An Improbable Journey and On a Movie Set


Just like the books that seem to multiply during the night around here, we’ve been given so many music and message CD’s through the years, we lose track of when or where they originated. Recently while sorting through them, I found one entitled, "Don’t’ Waste Your Life.”

The CD's accompanying literature suggests we ought to be centering our lives around something other than collecting stuff, retirement, or playing.
Kind of flies in the face of our culture doesn’t it?

I haven’t listened to this CD yet, but I don’t think the speaker is talking about recreation to recharge. I believe he’s speaking to those who would center their life around playing. Some folks I know use retirement as an opportunity to serve and minister to others like my friends Dick and Barbara Anderson. And collecting stuff? It seems fun for a season, but ultimately there comes a day when someone has to uncollect. And that my friends, is a terrible job.

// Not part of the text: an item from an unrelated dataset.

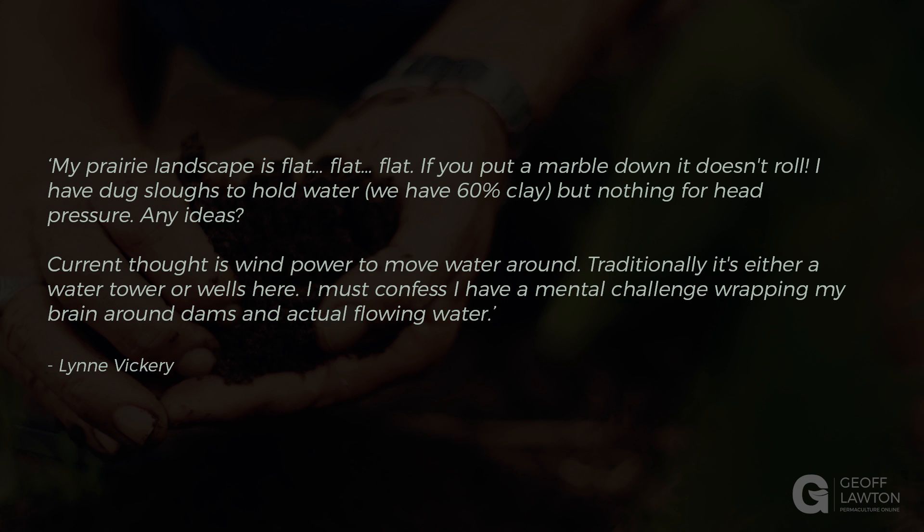My prairie landscape is flat, flat, flat. If you put a marble down, it doesn't roll. I have dug swales — I've dug slows to hold water. We have 60% clay, but nothing for head pressure. Any ideas?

I could’ve never imagined twenty years ago that I’d be doing at this point in my life what I’m about to do in a couple of days. It seems so, I don’t know, improbable. On Wednesday, while others hold down the homefront, I’m going to be joining the cast and crew of A Season of Miracles as they produce Rusty Whitener’s grace filled baseball story, which started filming last Saturday.

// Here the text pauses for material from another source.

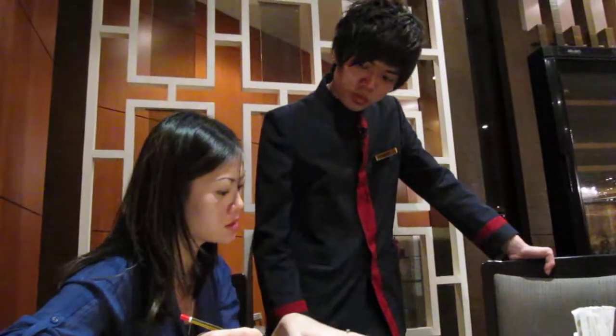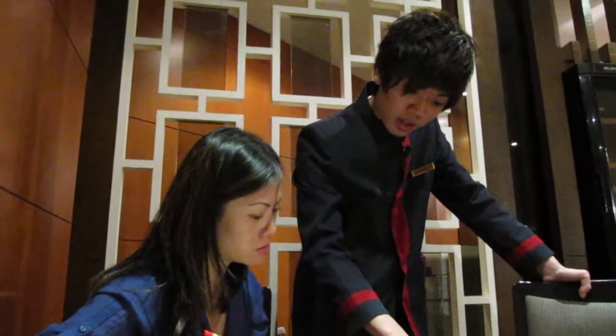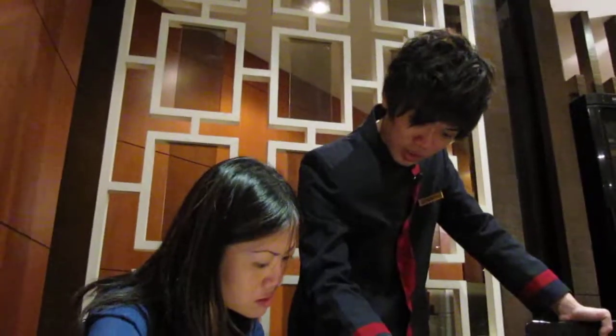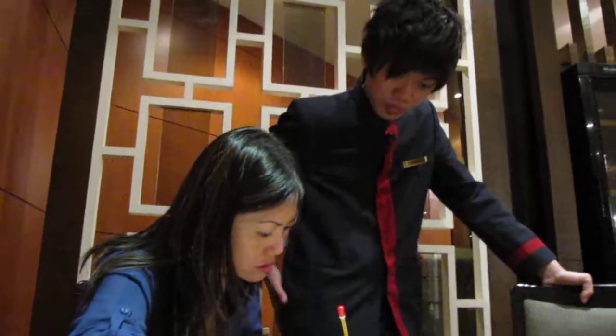I have a small shallot. I make the chicken soup with this one. This is a small shallot.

Dave Moody, the producer, also holds an option on my script for Give My Love to the Chestnut Trees. Somehow, knowing my friend Rusty’s script is being produced gives me hope that mine, too, will one day go into production.

I’ll be updating a bit here as I can .

I’ll take a break from writing the first draft of a novel, which I’m just a few days away from completing. One of the themes in the novel is perseverance, and I have to tell you it has taken a greater measure of perseverance to get to this point in the book than I could’ve ever imagined. In fact, about halfway through, I thought I’d lost my way. Somehow, through a lot of prayer, God helped me find it again.

By God’s grace, this makes novel number four, as well as five screenplays I’ve written in the last few years.

 I don’t want to waste my life. I just keep working, following this call I believe God has for me, even if it all does seem so improbable. Even when I hear in my head, “What are you doing?” or“Who do you think you are?”

It’s true that at times, I don’t feel I know what I’m doing. And for sure, I seem the last person on earth who ought to be doing these things.

I could make a long list of my disqualifications.

But when I feel this way, I open up a folder entitled, “Why I Write.” It’s filled with notes about the reasons I believe I’m called to this path. These entries serve as a reminder that I didn’t just make all this up. These are God’s plans, even when a sense of inadequacy threatens.

And yes, it’s scary. Just before the release of “Give My Love to the Chestnut Trees” a few months ago, I told my family they might have to change their names and move to another state. I was so afraid of embarrassing them. But, thankfully, they seem to have weathered the last few months pretty well.

So listen closely.

He may be calling to you right now. And it may be to something you never could have imagined. If He is, don’t miss the journey.

"By no means do I count myself an expert in all of this, but I've got my eye on the goal, where God is beckoning us onward--to Jesus. I'm off and running, and I'm not turning back. So let's keep focused on that goal, those of us who want everything God has for us" (Philippians 3:13-15).